First, it limits the amount of learning for your front. It doesn’t matter what the coverage is if the pressure is the same, which in turn doesn’t require any additional teaching. As a coach, it gives you the tools to match the opposing offense’s top patterns to the best of your ability.
In old zone blitzes, you could be handcuffed to run either three under three deep or four under two deep against certain formations or with certain pressures.
Comparatively, creepers are very fluid. You can call and run them however you like based upon what you are seeing. When the opposing defense breaks down your film, it looks as if you are running two different pressures, but it’s the same thing to us. Again, simple for us, yet difficult for them.
The other benefit derived from running creepers from multiple coverages is that it gives you the ability to call them in all down-and-distance ranges. For example, in third-and-medium situations, most offensive coordinators are trying to get the ball to the sticks. Defenses are mainly seeing quick-rhythm short routes in which three deep creepers wouldn’t be the answer. Yet if we want to run those pressures, we have other coverages to pair them with, so they can be used in those situations.

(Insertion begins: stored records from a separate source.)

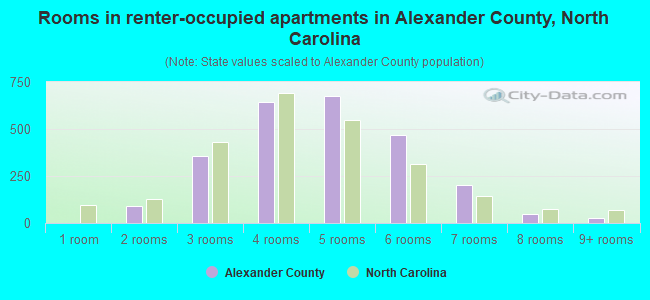 Rooms in renter-occupied apartments in Alexander County, North Carolina
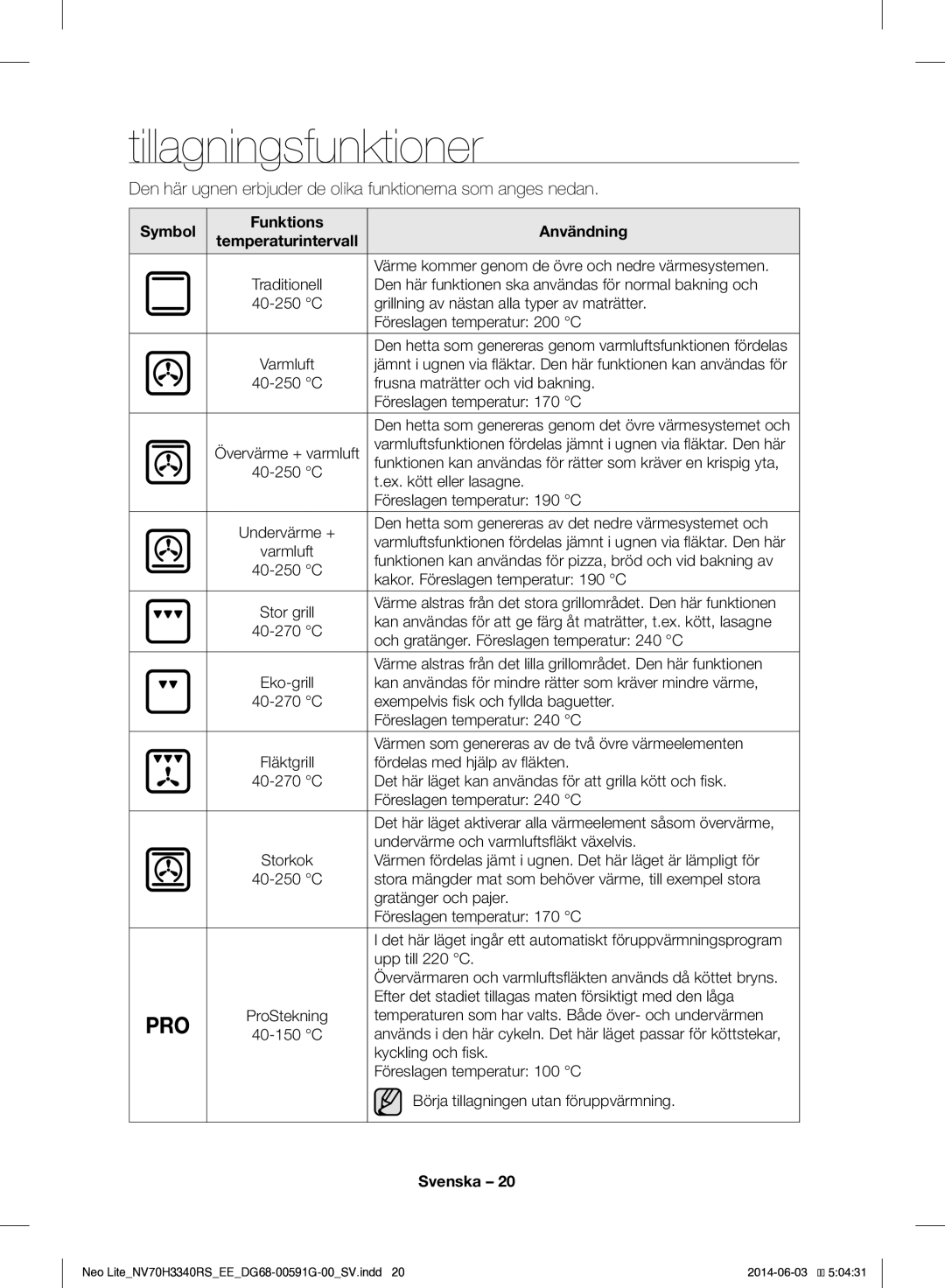 Samsung NV70H3340RS/EE manual Tillagningsfunktioner, Symbol Funktions Användning 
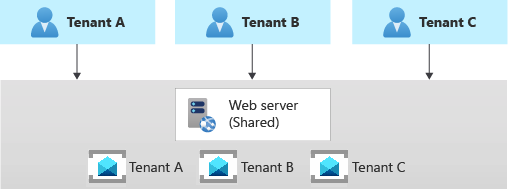 Das Diagramm zeigt verschiedene Nachrichtensysteme für jeden Mandanten.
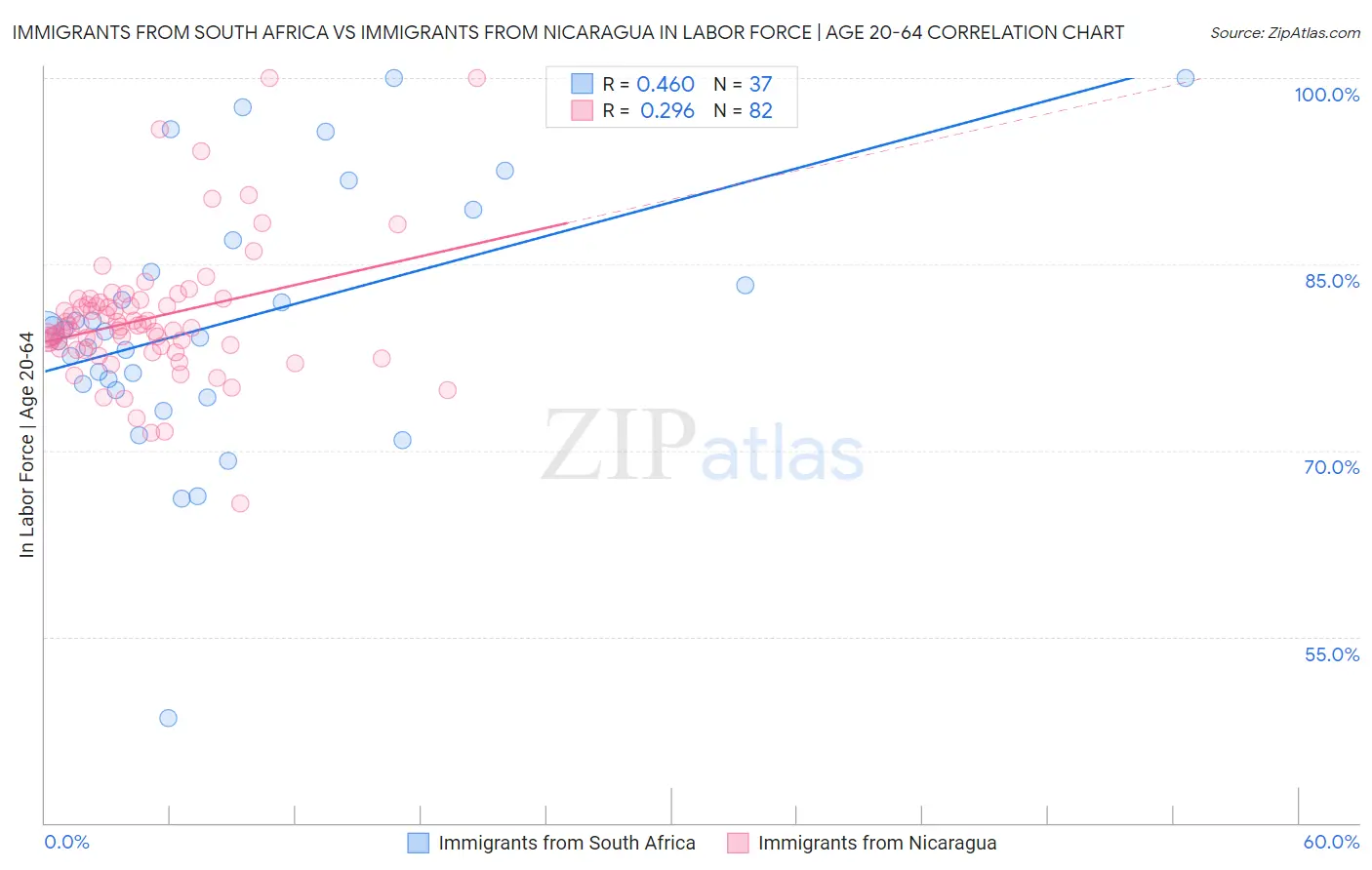 Immigrants from South Africa vs Immigrants from Nicaragua In Labor Force | Age 20-64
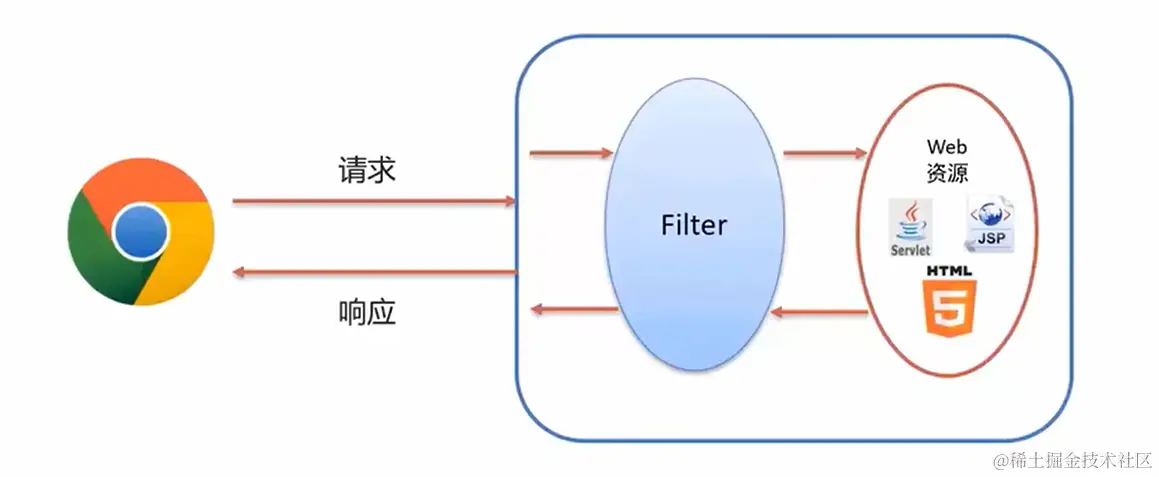 image-20220916165132403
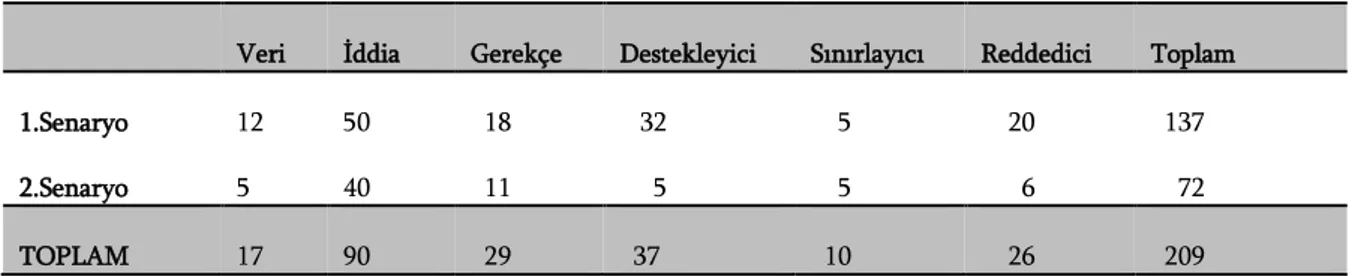 Tablo 2.  Öğretmen adaylarının sözlü argümantasyona dayalı oluşturdukları ifadelerin Toulmin Argüman                  Modeli ögelerine göre dağılımı 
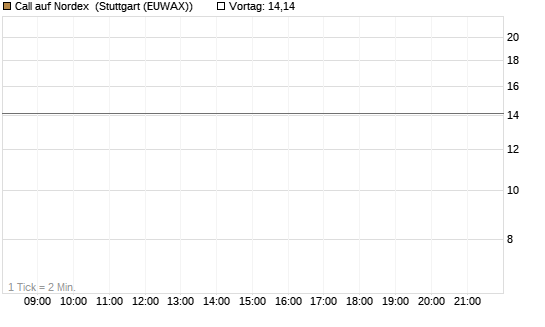 Call auf Nordex [J.P. Morgan Structured Products B.V.] Chart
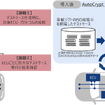 「AutoCrypt Security Fuzzer」 の特長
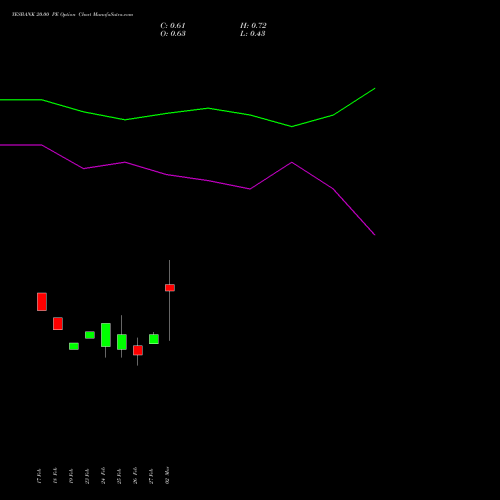 YESBANK 20.00 PE (PUT) 28 April 2026 options price chart analysis Yes Bank Limited 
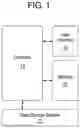 Fig. 02 - Address exchange systems and methods
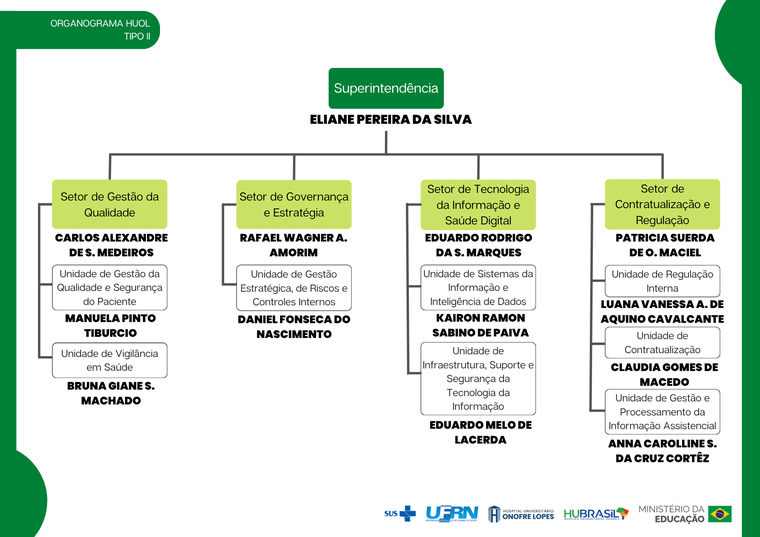 Superintendência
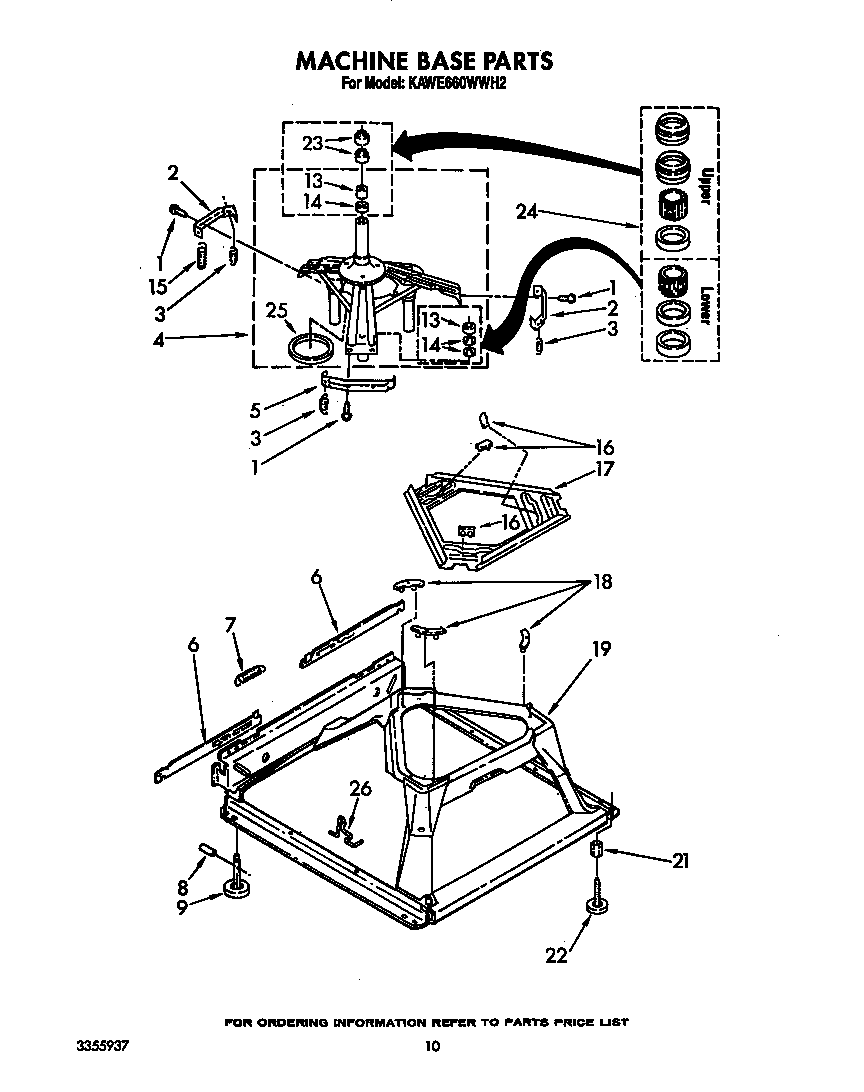 MACHINE BASE
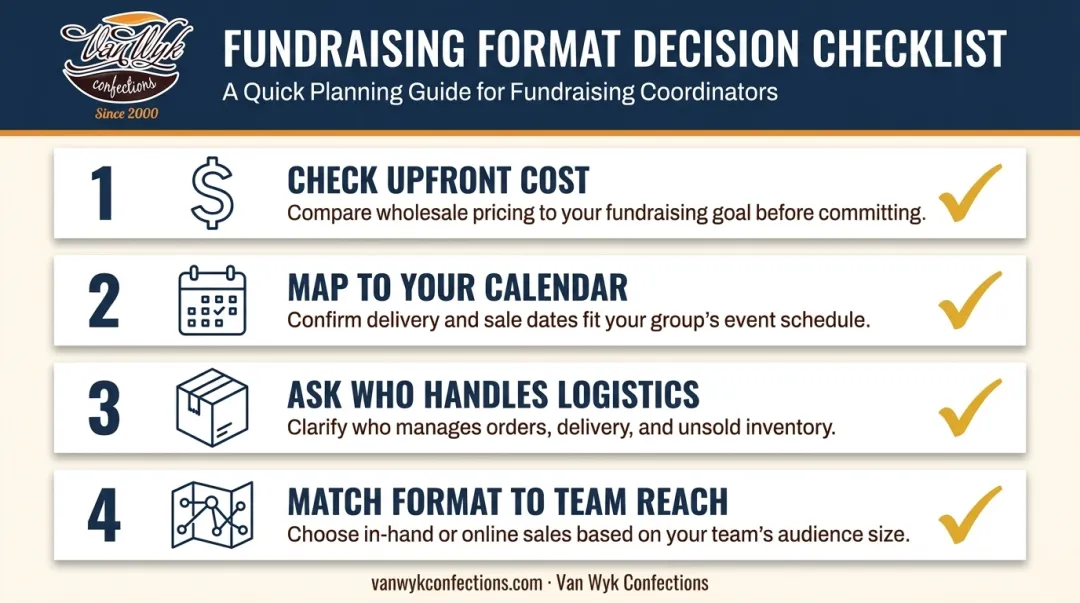 4-step checklist for choosing the right softball team fundraiser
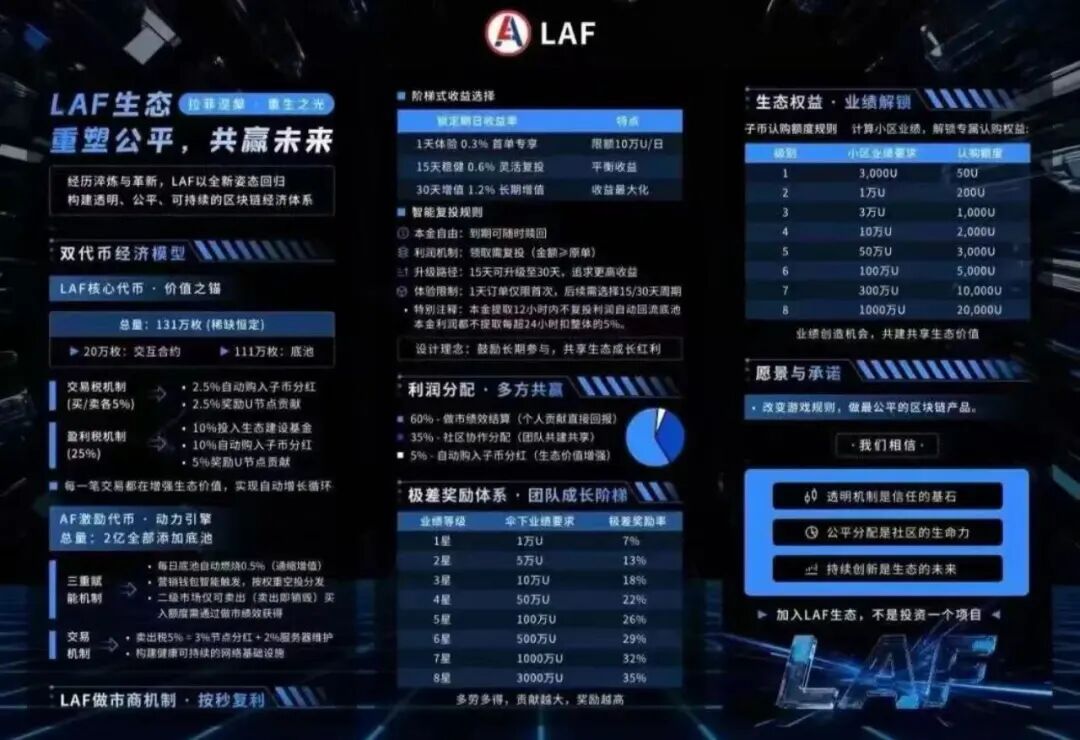 警惕！拉菲协议重启变身LAX2.0，8天吸金千万U，是狂欢还是二次收割陷阱？插图2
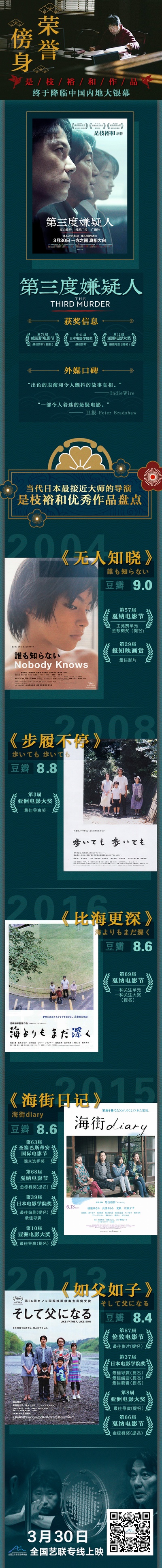 第三度嫌疑人剧照的剧照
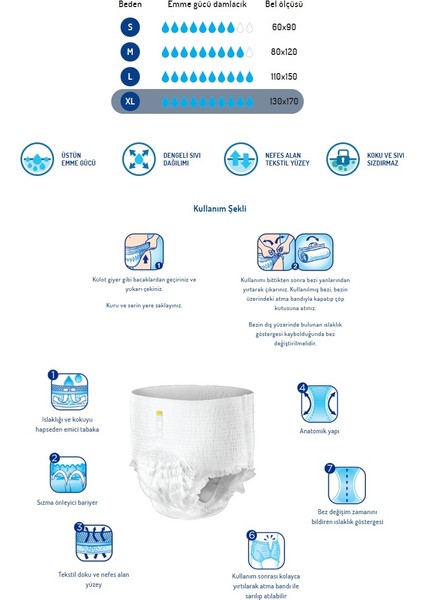 Emici Külot Hasta Bezi Xl-Extra Large Büyük Adet 28 (4pk*7) modelleri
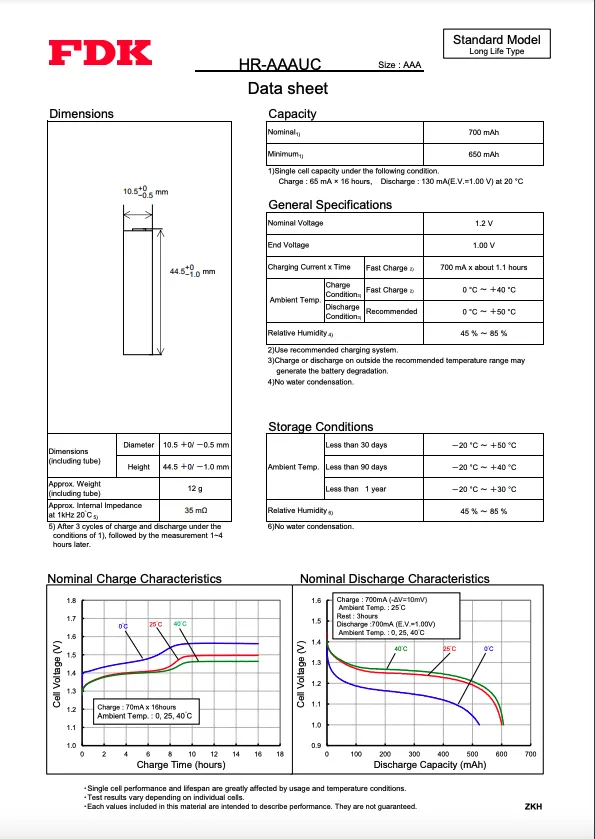 FDK HR-AAAUC Battery - 1.2V 700mAh AAA NiMH (Flat Top)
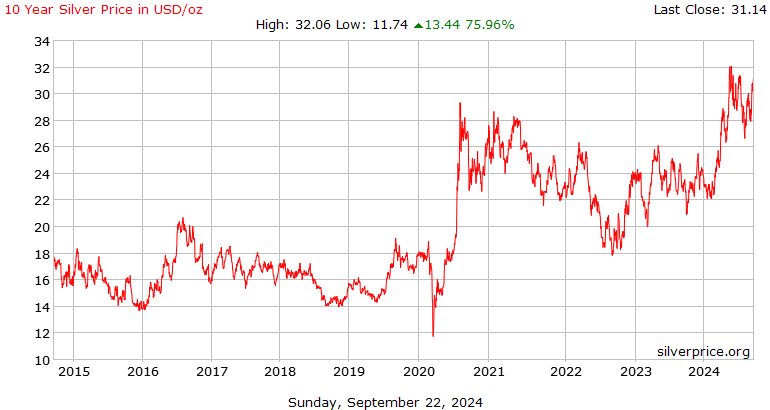 Silver - Price - Chart - Historical Data - News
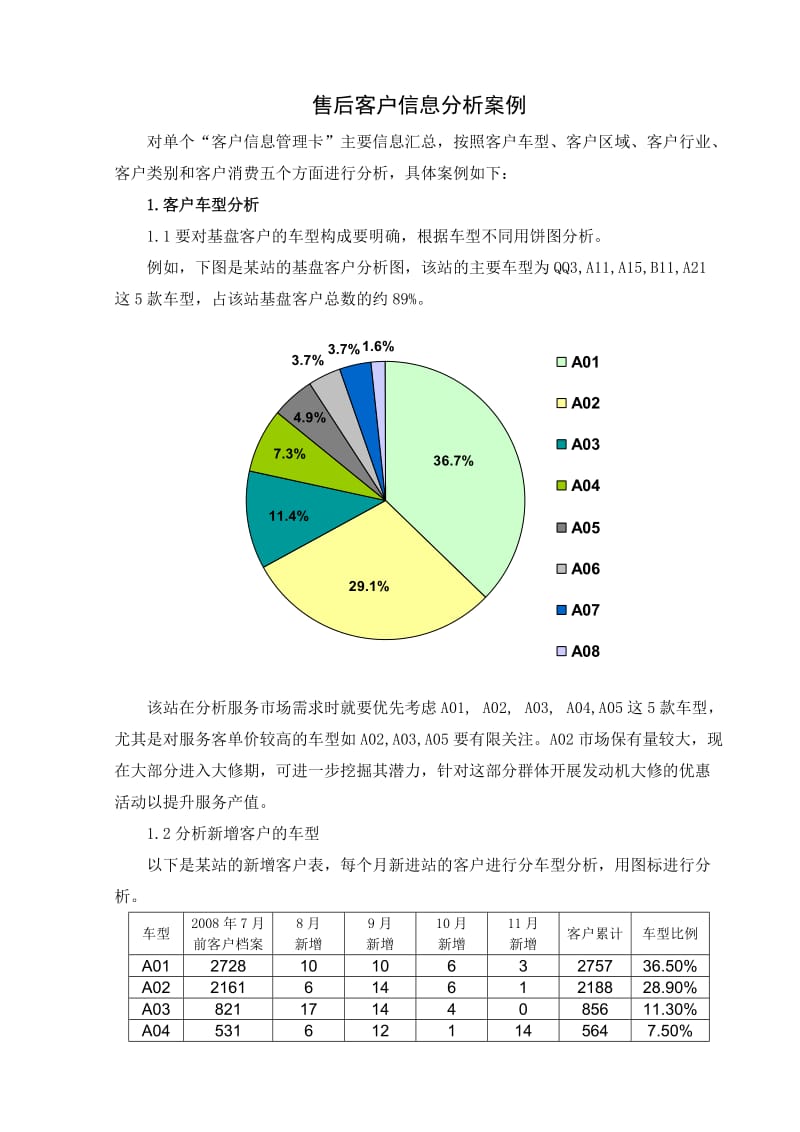 售后客户信息分析案例.doc_第1页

Conversely in long yardage situations, we like using our two deep and three deep zone creepers to protect the seams and verticals, which forces the offense to check the ball down short and outside, and allows us rally to and tackle in front of the sticks.
This versatility has allowed us to go into games running the same pressure patterns from four or more different versions of coverage. This allows you to keep your game plan simple for the front and allow the secondary to adjust to the down-and-distance situations by coverage.